• [WORK REQUEST]:
Taking the data below, please print only the lines from the line holding "We can see the" to the line holding "Now we have", inclusive, with pictures omitted.

• [DATA EXCERPTS]:
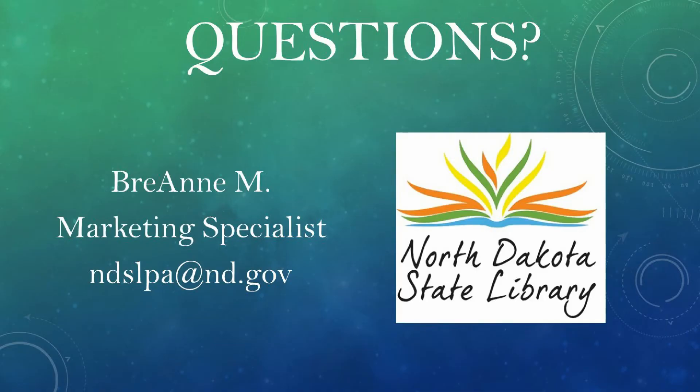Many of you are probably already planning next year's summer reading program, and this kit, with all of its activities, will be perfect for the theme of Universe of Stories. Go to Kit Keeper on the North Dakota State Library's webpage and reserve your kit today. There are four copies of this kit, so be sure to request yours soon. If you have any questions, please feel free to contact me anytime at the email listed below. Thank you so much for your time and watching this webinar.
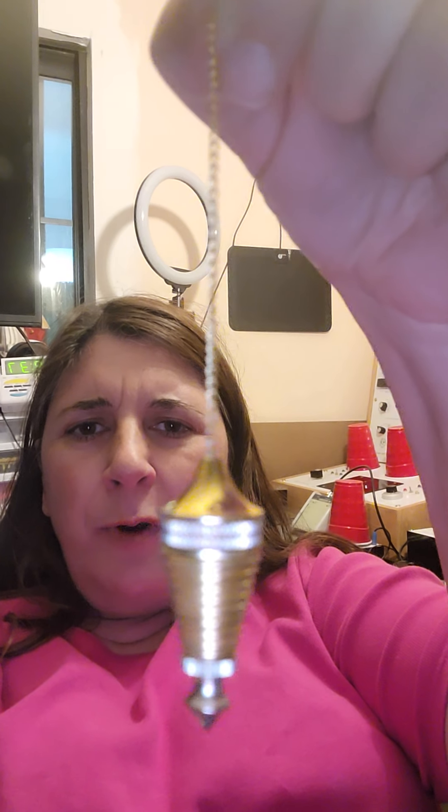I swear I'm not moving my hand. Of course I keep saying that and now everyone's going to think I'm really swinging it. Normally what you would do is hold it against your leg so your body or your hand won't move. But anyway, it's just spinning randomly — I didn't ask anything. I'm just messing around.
* * *
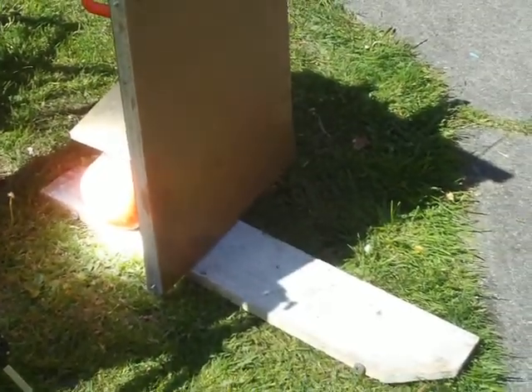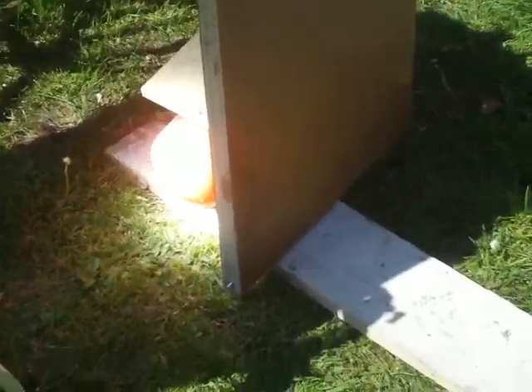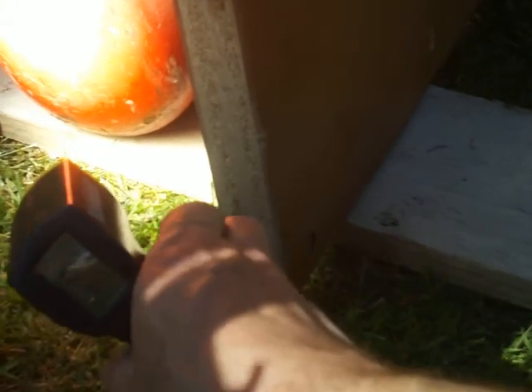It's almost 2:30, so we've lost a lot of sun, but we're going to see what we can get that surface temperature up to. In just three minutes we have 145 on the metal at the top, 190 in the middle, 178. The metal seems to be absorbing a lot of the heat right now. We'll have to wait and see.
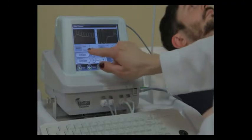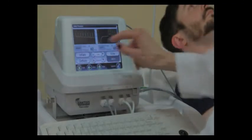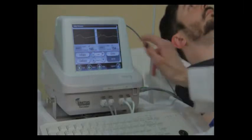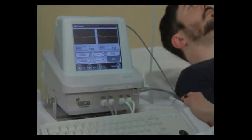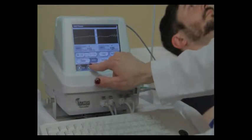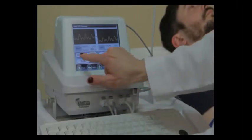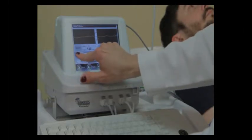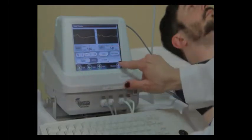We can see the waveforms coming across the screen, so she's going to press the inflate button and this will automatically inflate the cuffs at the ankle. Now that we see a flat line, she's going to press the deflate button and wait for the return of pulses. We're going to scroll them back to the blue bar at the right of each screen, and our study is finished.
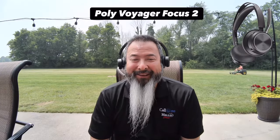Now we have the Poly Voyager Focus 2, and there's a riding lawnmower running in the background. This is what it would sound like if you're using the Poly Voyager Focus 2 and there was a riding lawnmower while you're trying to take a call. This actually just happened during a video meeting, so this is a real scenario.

• [EXERCISE ANSWER]:
We can see the waveforms coming across the screen, so she's going to press the inflate button and this will automatically inflate the cuffs at the ankle. Now that we see a flat line, she's going to press the deflate button and wait for the return of pulses. We're going to scroll them back to the blue bar at the right of each screen, and our study is finished.
Now we have the Poly Voyager Focus 2, and there's a riding lawnmower running in the background. This is what it would sound like if you're using the Poly Voyager Focus 2 and there was a riding lawnmower while you're trying to take a call. This actually just happened during a video meeting, so this is a real scenario.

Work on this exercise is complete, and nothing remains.